This year however, I came with my own outfit. I certainly don’t feel of ‘higher status’ in the traditional sense, but having a dressmaker for a mother certainly made a few of my fellow Vikings quite jealous. Having usually worked on wedding and debutant dresses, my she was quite excited at trying something so old and so different. The first question was that of colour. Some colours in the past were of course more expensive than others and available to only those who had the means to wear them. Though I figured as I am ‘the Chieftain’s bow-maker’, I should probably dress more like a hunter; I therefore chose more earthy colours that would blend a bit more into the surrounding light green and boggy brown landscapes of Borg.
Last year I wore a pair of woollen trousers, but they proved far too heavy and hot for work. We chose then a lighter linen of dark brown. From the same material we then made a pare of leg ties that would hold in the looser ends of the trousers; keeping them from snagging on any low jutting branches in the woods.

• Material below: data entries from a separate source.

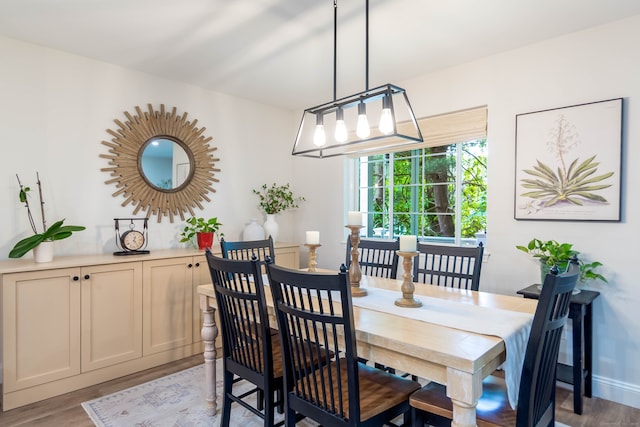 2955 Madison Ave Apt 25, Bridgeport, CT 06606 - dining area with light wood-style floors, a chandelier, and baseboards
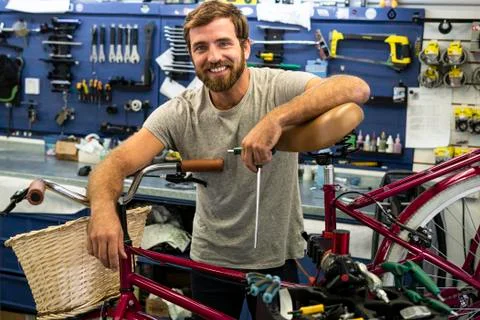 Mechanic leaning on bicycle Stock Photos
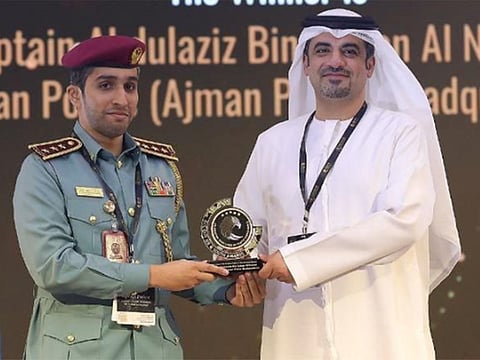 Captain Abdulaziz bin Sultan Al Nuaimi (left) receives the award.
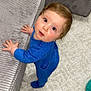 Tiago a rejoint le concours — aidez-le/la à gagner de superbes lots ! baby, blue_clothing, carpet, child, couch, curious, cute, floor, furniture, gray_couch, hands, home, indoor, infant, looking_up, onesie, person, soft_lighting, standing, white_carpet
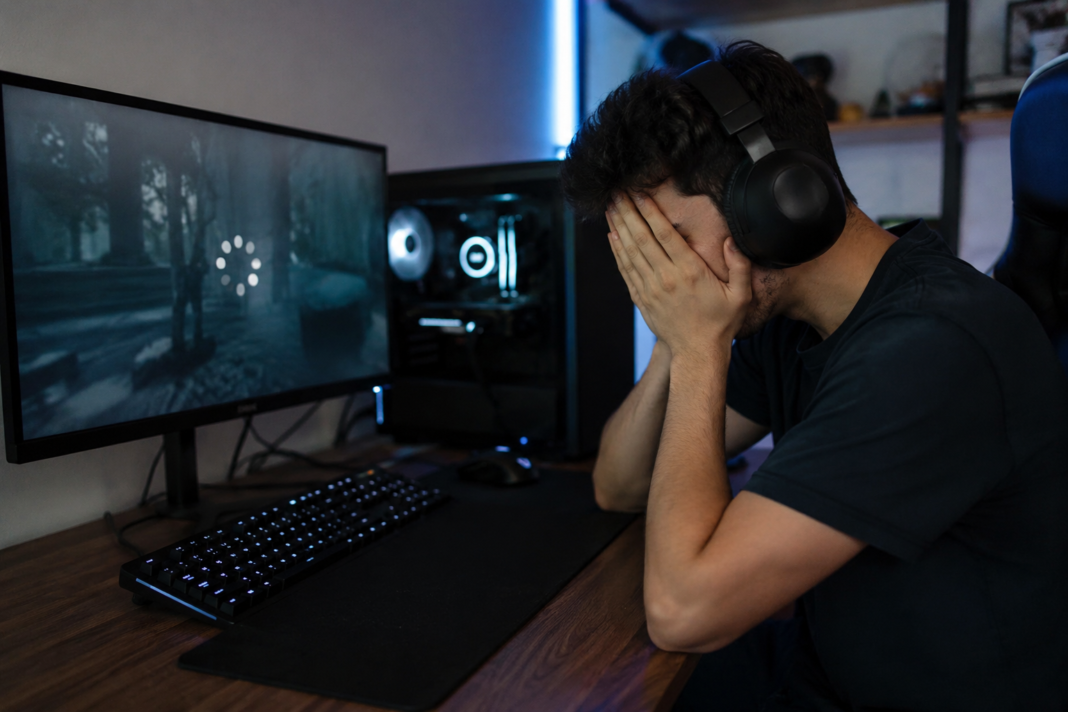 Frustrated PC gamer covering their face while waiting for a game to load on first launch, illustrating game stuttering caused by initial shader compilation.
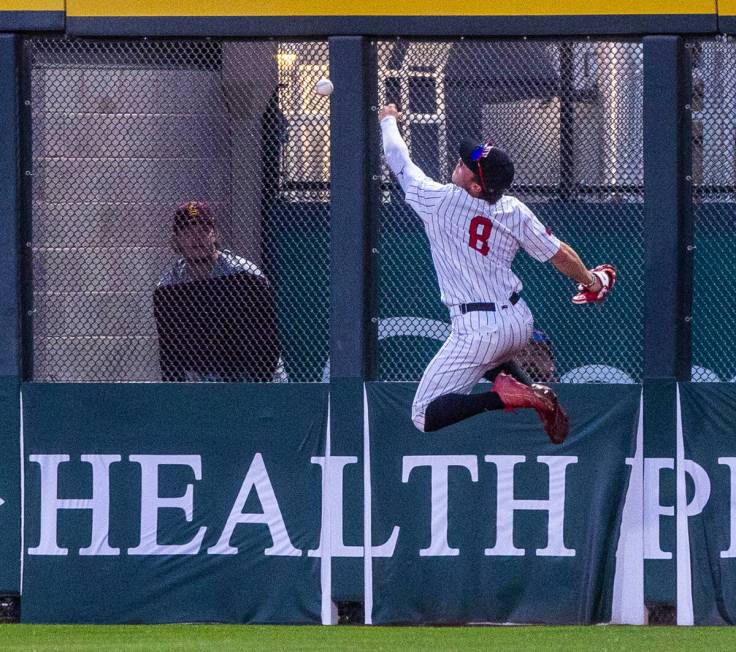 UNLV outfielder Santino Panaro (8) misses a fly ball on the fence against Arizona State during ...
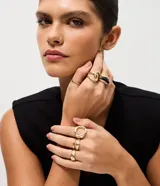 Kit de seis anillos de diseño variado con acabado en tono dorado claro. Incluye piezas de metal con texturas lisas, torcidas y caladas, además de un anillo con detalle de resina negra. Diseñados para ser usados en conjunto o por separado.
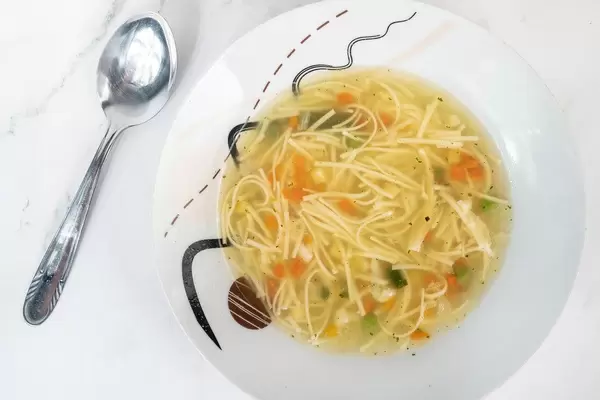 Homemade Chicken Soup with Vegetables on the table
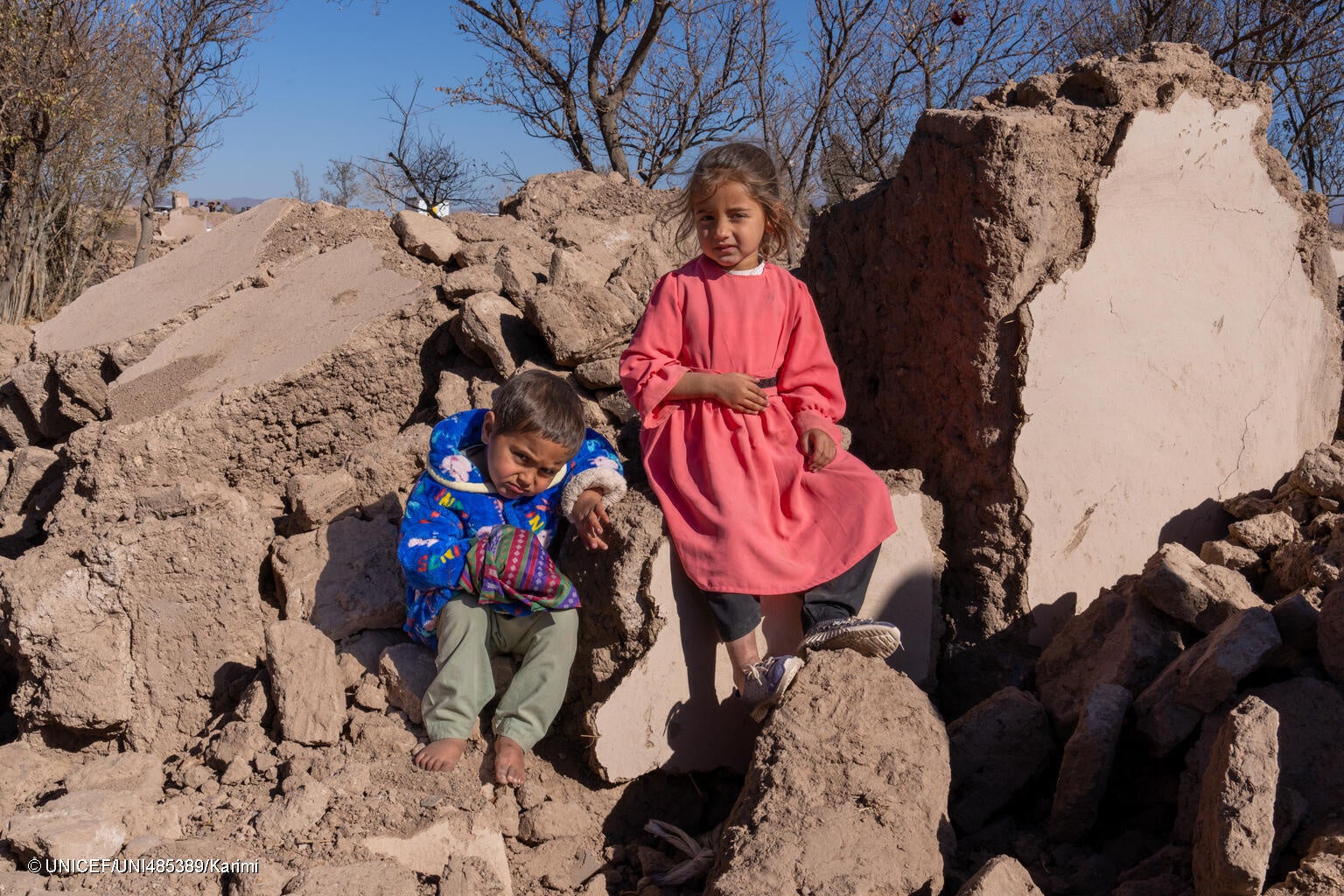 ヘラートで、地震により倒壊した自宅のがれきの上に座る子どもたち。(アフガニスタン、2023年12月3日撮影) © UNICEF_UNI485389_Karimi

The undershirt however, is of a really nice white linen. In keeping with the period, it has no collar, it is worn by pulling it over the head and reaches down to just above the knees. The tunic, my mother’s favourite article, was made from a really nice light brown wool. More or less the same design as the undershirt, it was made from 100% wool and is extremely warm, a detail I would easily have made use of when sailing on the longship last year. Sewn around the edge of the neck is a thin tablet woven trimming. Tablet weaving is another activity often practiced by the fire in the longhouse; several rocks hold in place the ends of many different coloured strings which pass through tiny holes at the four corners of each small square tablet; the tablets they then turn almost rhythmically like an ancient rubix cube, transforming a complicated algorithm into a simple and beautifully patterned strip of colour. With no idea where to even start, we preordered a thin handmade strip one on eBay, made with yellow edging and red specks; which when attached to the tunic really made the neck pop.
“it was made from 100% wool and is extremely warm, a detail I would easily have made use of when sailing on the longship last year”.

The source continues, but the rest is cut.